The thing that I didn’t realize, is that this closet has limited storage space and it doesn’t warn you when it’s full. So, the next time you open this closet to put something in, you won’t be able to close the door. And all of your stored emotions will come flowing out and hit you like a brick wall.
That’s what happened to me yesterday. I tried to put something in the closet and felt my spirit break. I cried on and off the whole day. And I really didn’t know why I was crying. I hid in the bathroom because I couldn’t control the tears. I didn’t want anyone to see me like that.
If you know me, you know that I’m not a weak person. I don’t cry and whine around like a little bitch. I don’t play the victim. And if you try to insult me, I will laugh in your face and tell you to try harder. I’m a rock!
The little girl having a mental breakdown in the bathroom was not me. I tried so hard to pull myself together, but I just couldn’t. Tears took over. The feelings from every single thing that I hid in that closet attacked me from different angles all at once. I felt like my soul ran away because it was too much. All I could do was feel it.
I’m ashamed to admit this part. The thought of hurting myself did enter my mind. But it wasn’t strong enough. I couldn’t do that to Flamingo or Mongoose or Bear.
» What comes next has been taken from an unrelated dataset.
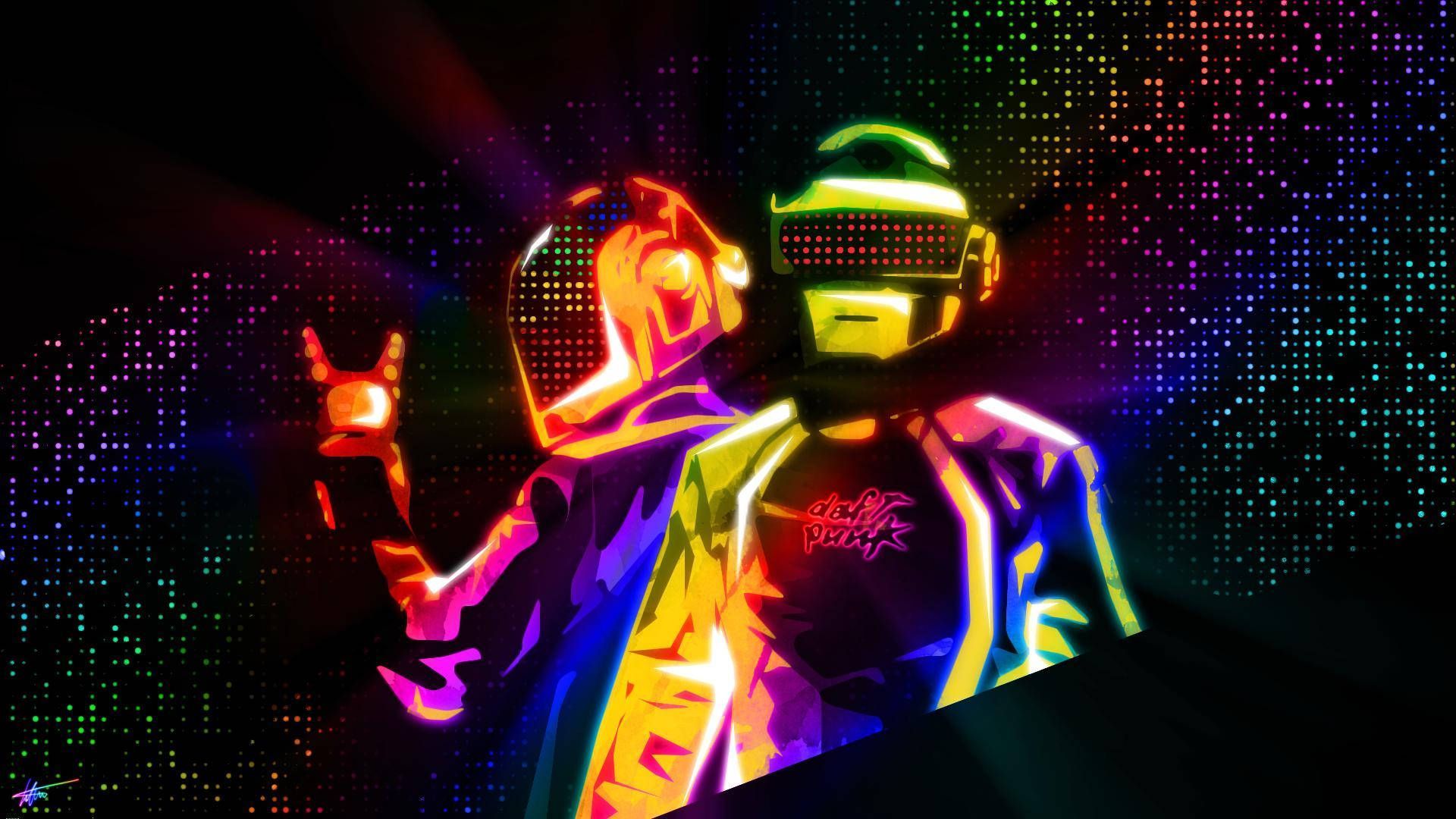 1920x1080 Download free Daft Punk Neon Rgb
I scrolled through the pictures in my phone. And I just kept telling myself that I’ll feel better soon. It will be over soon.
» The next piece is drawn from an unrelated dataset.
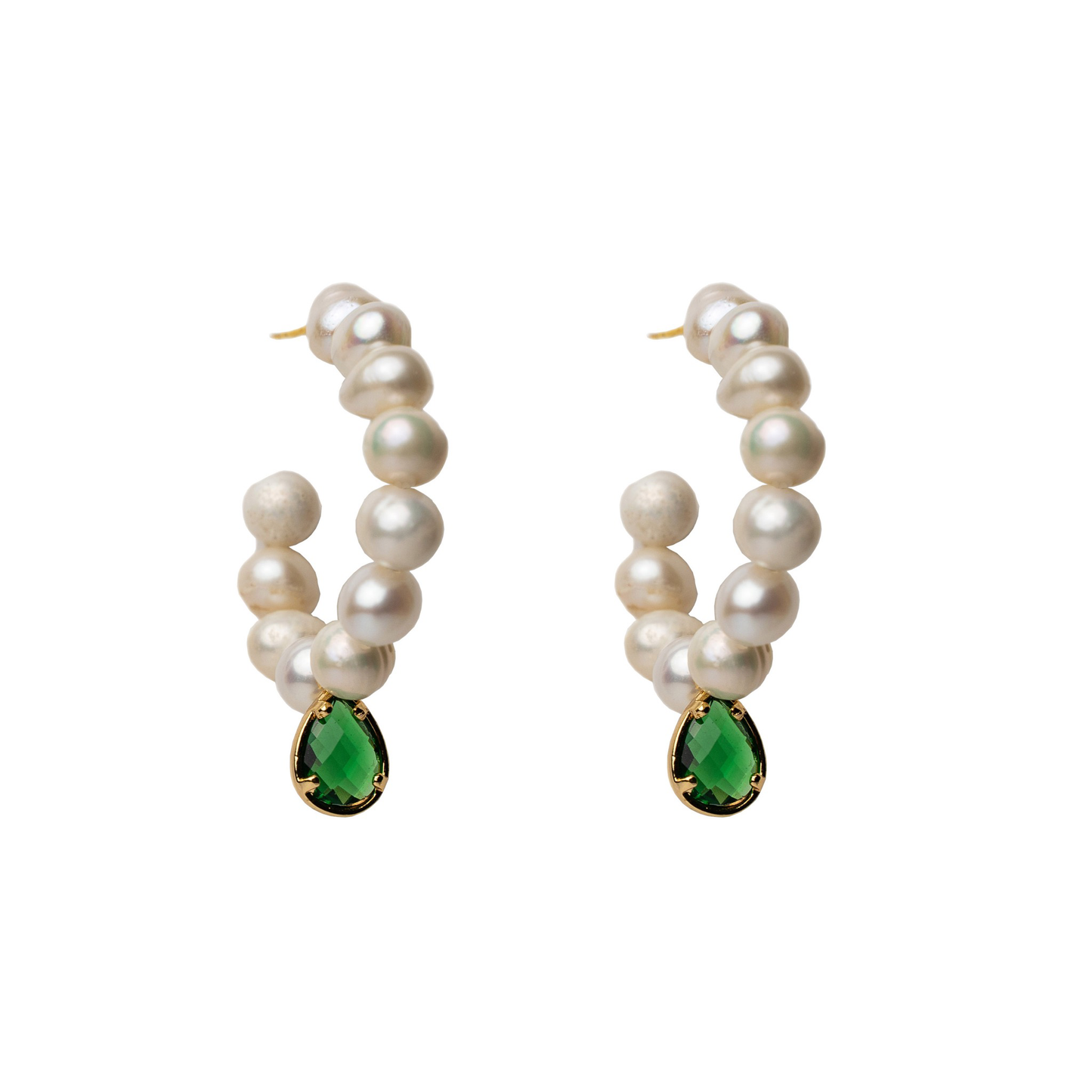 Paauksuoti auskarai su natūraliais perlais "Josephina"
After sitting in the bathroom for an eternity, I finally stopped crying. I washed my face, made myself smile, and had dinner with my family. I don’t think they noticed. And nobody reads my blog, so they’ll never know.
Today I feel like a brand-new person. The closet is empty. I obviously need to find a better way to deal with my feelings. I shouldn’t have dealt with this alone. Locking myself in the bathroom was a mistake. I should have called Goose.
The only reason I’m posting this is that it might help someone else get through a difficult time. No one reads my blog. But what if they do?